IEEE Transactions on Pattern Analysis and Machine Intelligence | 2015
Jia Li; Ling-Yu Duan; Xiaowu Chen; Tiejun Huang; Yonghong Tian
There are two sides to every story of visual saliency modeling in the frequency domain. On the one hand, image saliency can be effectively estimated by applying simple operations to the frequency spectrum. On the other hand, it is still unclear which part of the frequency spectrum contributes the most to popping-out targets and suppressing distractors. Toward this end, this paper tentatively explores the secret of image saliency in the frequency domain.
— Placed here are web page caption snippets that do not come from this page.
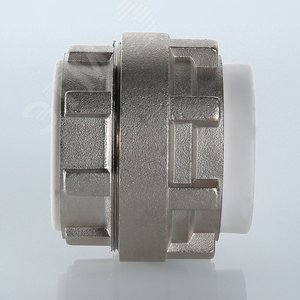 Соединение разборное 75 мм полипропиленовое PPR белое - фото 4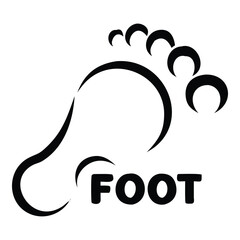 Obraz premium Minimalist Footprint Vector Icon for Podiatry and Footcare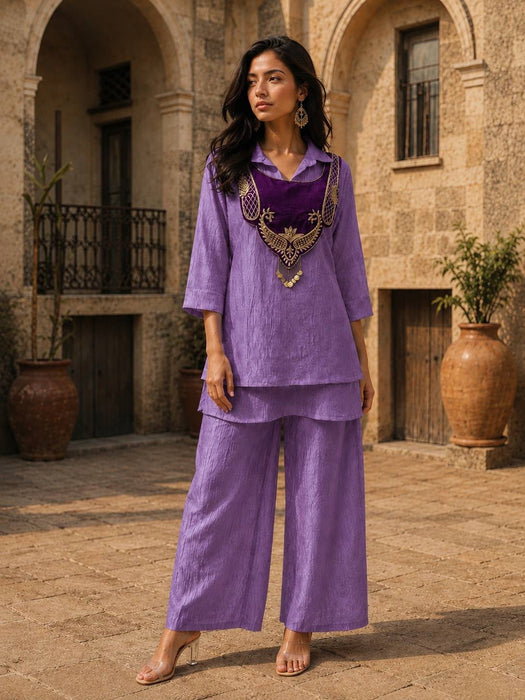 Beautiful crunchy silk Beautiful Festive Co-Ord Set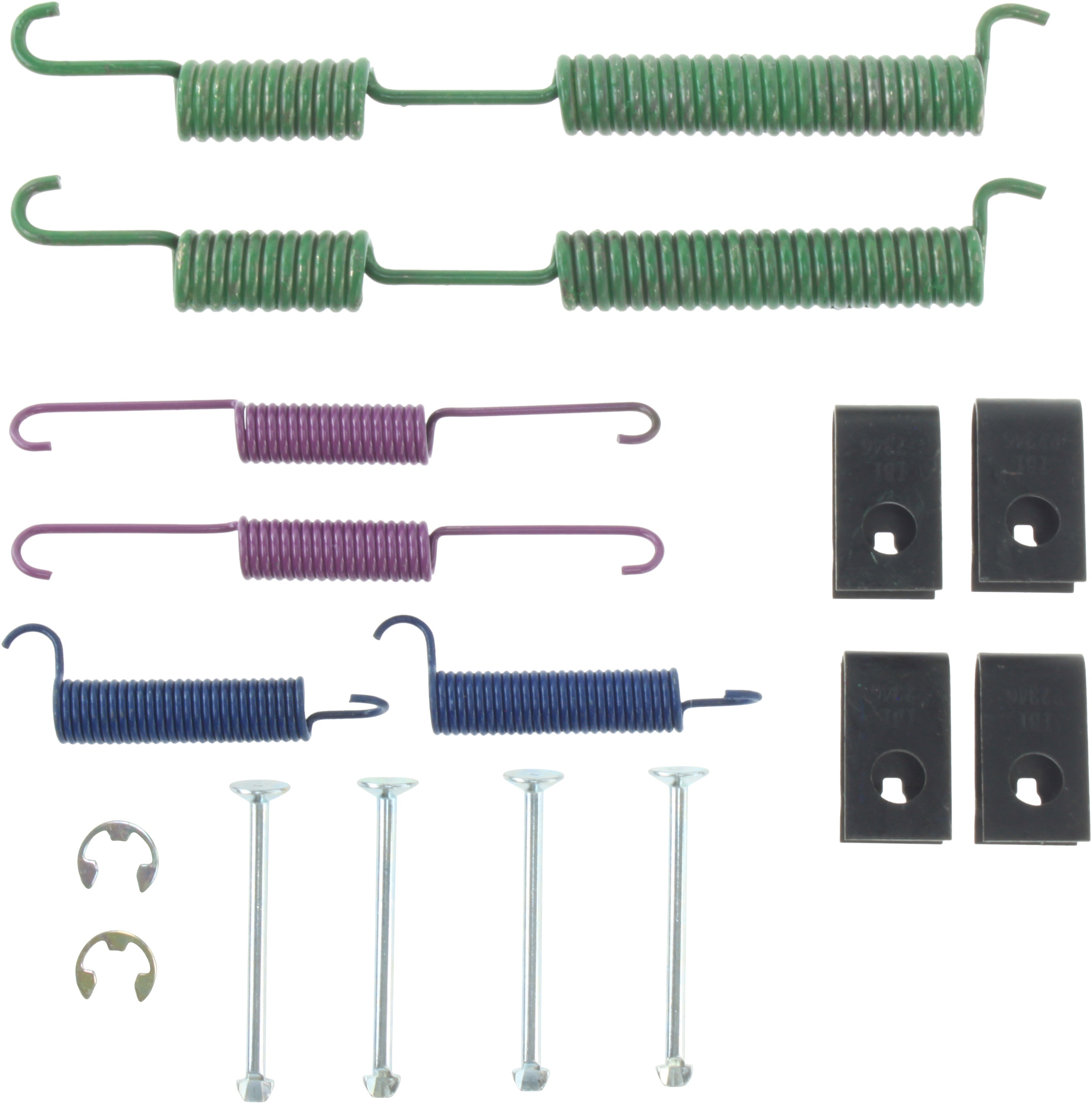 Centric Parts Drum Brake Hardware Kit P/N:118.61003  Drum Brake Hardware Kit
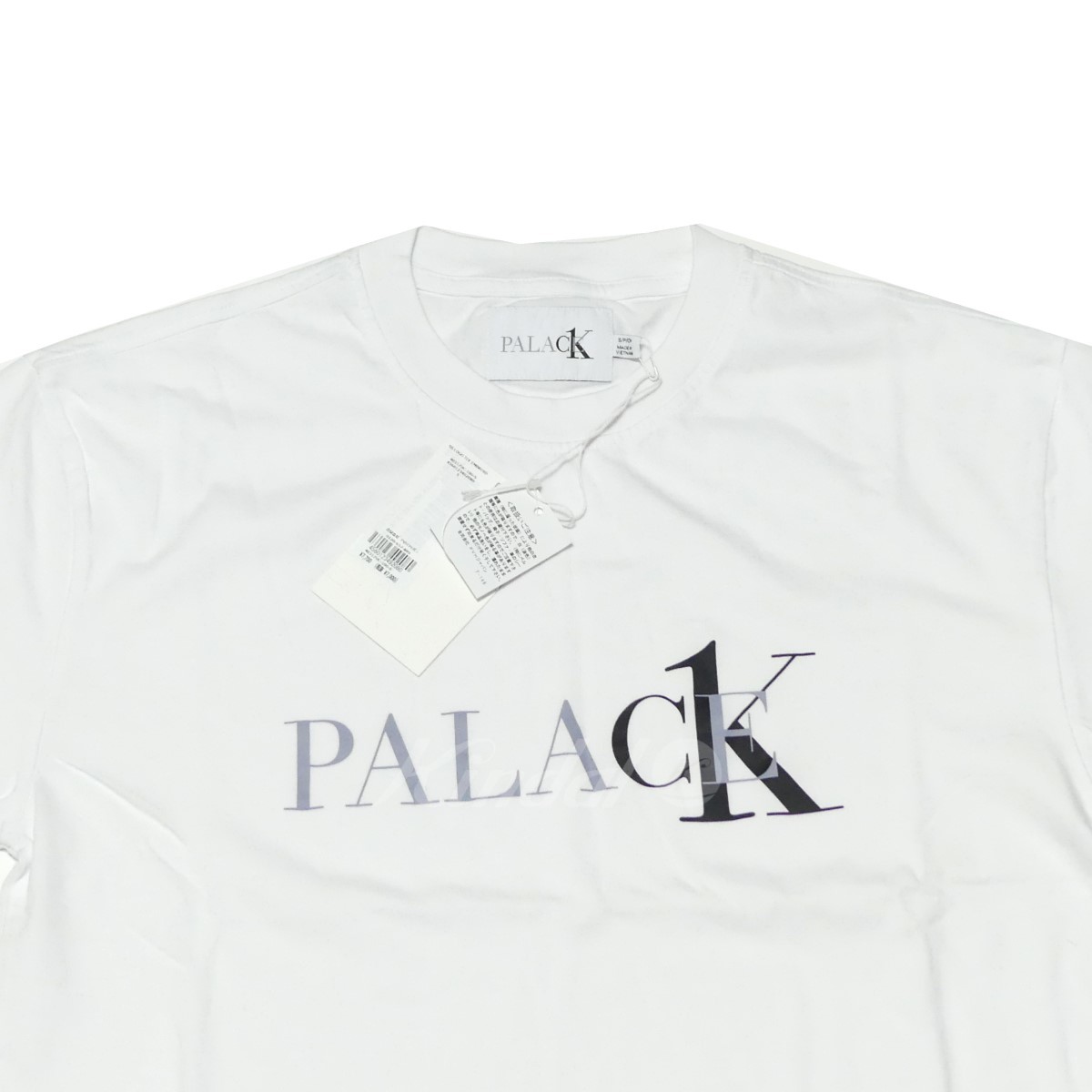 原宿CS) PALACE SKATEBOARDS × Calvin Klein パレス カルバンクライン 22SS CK1 T-SHIRT SS LOGO ロゴ Tシャツ カットソー 8081000010963_画像3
From the results obtained in several qualitative and quantitative experiments, we find that the secret of visual saliency may mainly hide in the phases of intermediate frequencies. To explain this finding, we reinterpret the concept of discrete Fourier transform from the perspective of template-based contrast computation and thus develop several principles for designing the saliency detector in the frequency domain. Following these principles, we propose a novel approach to design the saliency detector under the assistance of prior knowledge obtained through both unsupervised and supervised learning processes. Experimental results on a public image benchmark show that the learned saliency detector outperforms 18 state-of-the-art approaches in predicting human fixations.